If anything distinguishes my generation of American writers, it’s that everyone in my generation became a writer, simply through the act of going online. More words have been written, more words have been read, by my generation than by any other generation in human history. I have to say, as a person who’d always planned on becoming a novelist, as a person who’d always planned on supporting the writing of novels through the writing of nonfiction, I found this daunting. The amount of information and the speed of its dissemination overwhelmed. I’m guessing this was the experience of most Americans born within reach of a midsized untangled extension cord from the year 1980—most Americans who’d grown up with books, only to exchange them for millennial adulthood and screens.

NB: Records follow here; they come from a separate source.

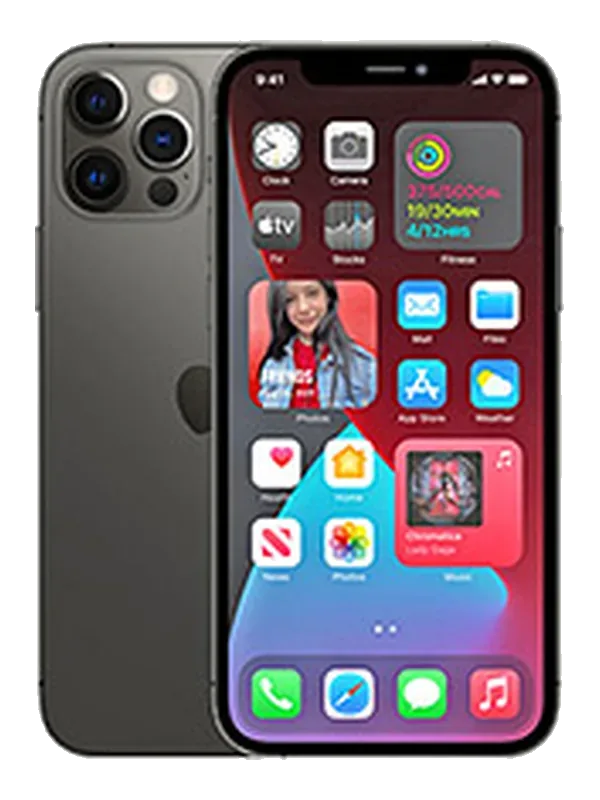Apple iPhone 12 Pro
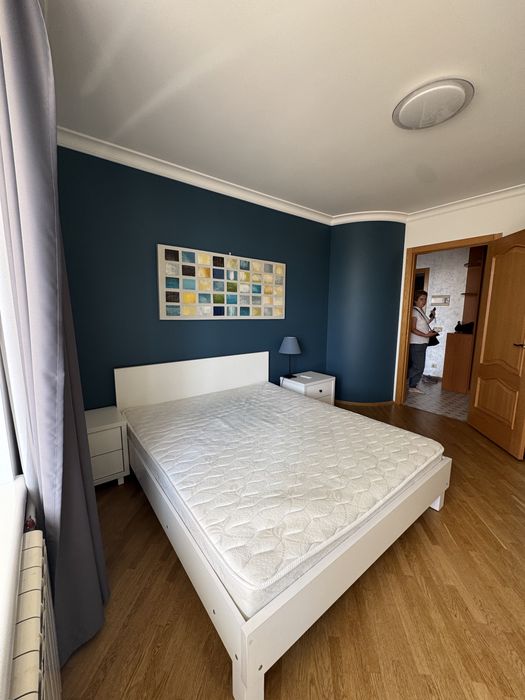 Квартира на вул. Шовковична, 30 в Київ, ID 216069, фото №3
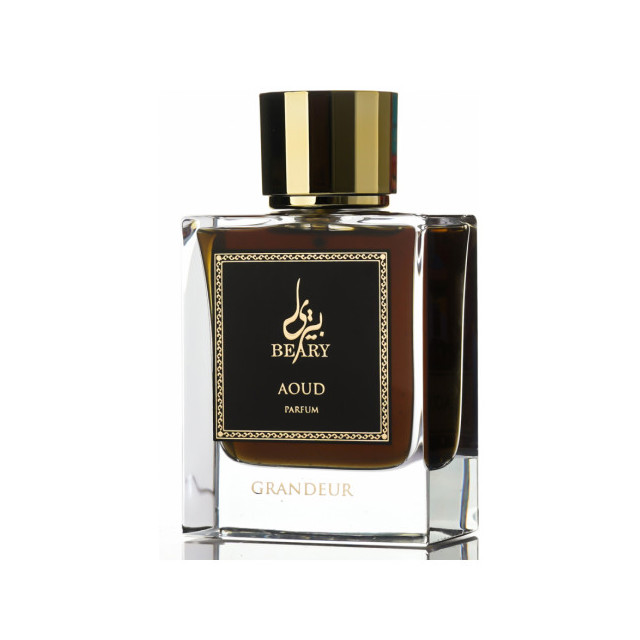 Immagine del profumo Aoud di Beary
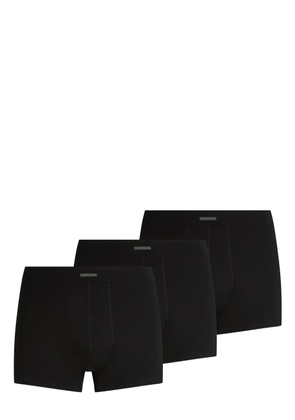 Karl Lagerfeld Hotel boxer briefs (pack of three) - Black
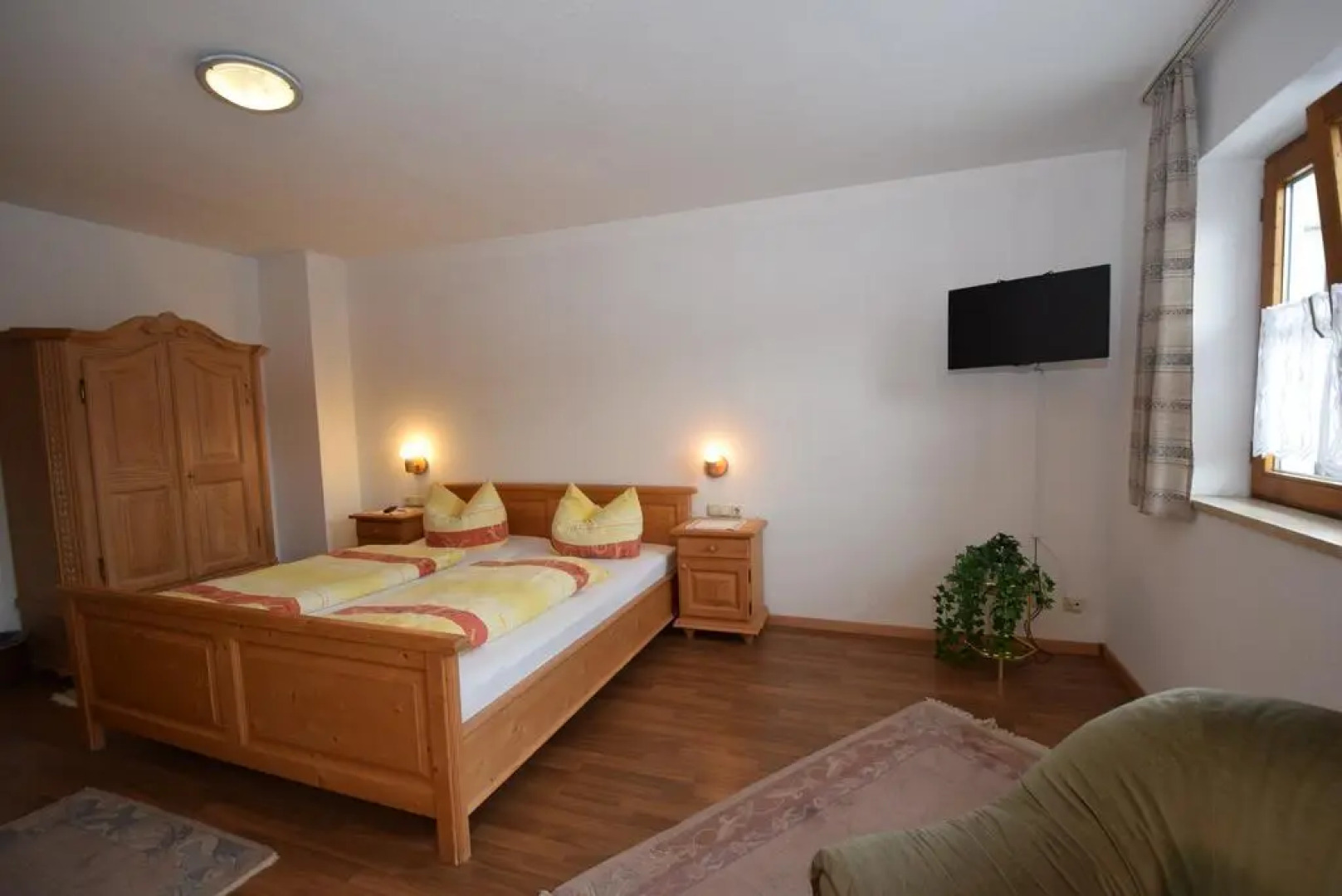 Hotel Gasthof Schäffler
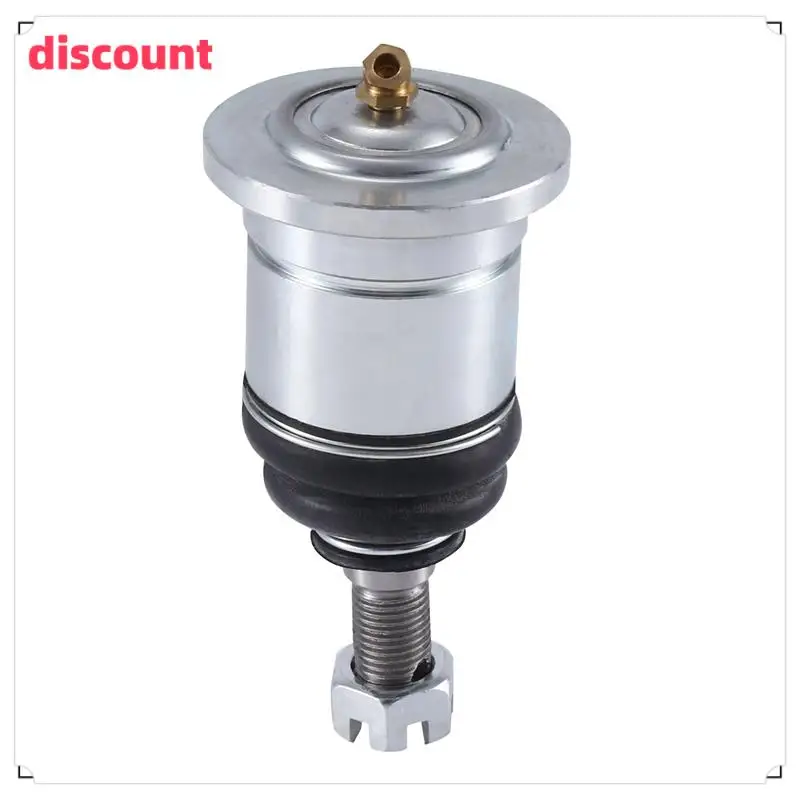 

Отличное качество-25 мм передние удлиненные подъемные верхние смазные шаровые шарниры для Mitsubishi Pickup 2WD Pajero/Triton ML MN 20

This ever-increasing amount of information coming at us at this ever-increasing speed rendered us unable to adequately attend to our own divided presences, let alone to a world that, though it wasn’t united, was suddenly “global.” Terrorism in Istanbul, hostages in Afghanistan, shark attacks, lethal mold, a sex scandal involving a missing congressional intern, the Giants v. the Broncos (to mention just a few of the “headlines” of September 10, 2001)—we were utterly incapable of absorbing what was happening. Rather, we were only capable of reacting to it: We scrolled through the plenitude, and clicked “like,” and clicked “dislike,” and generally ignored anything we weren’t able to assimilate efficiently. The dangers of our impatience were obvious: no depth. But considerably less obvious were the dangers involved with a mass culture’s rupture into myriad subcultures. Today, our sense of selfhood is undergoing a similar fragmentation. We’re all becoming too disparate, too dissociated—searching for porn one moment, searching for genocide the next—leaving behind stray data that cohere only in the mnemotech of our surveillance.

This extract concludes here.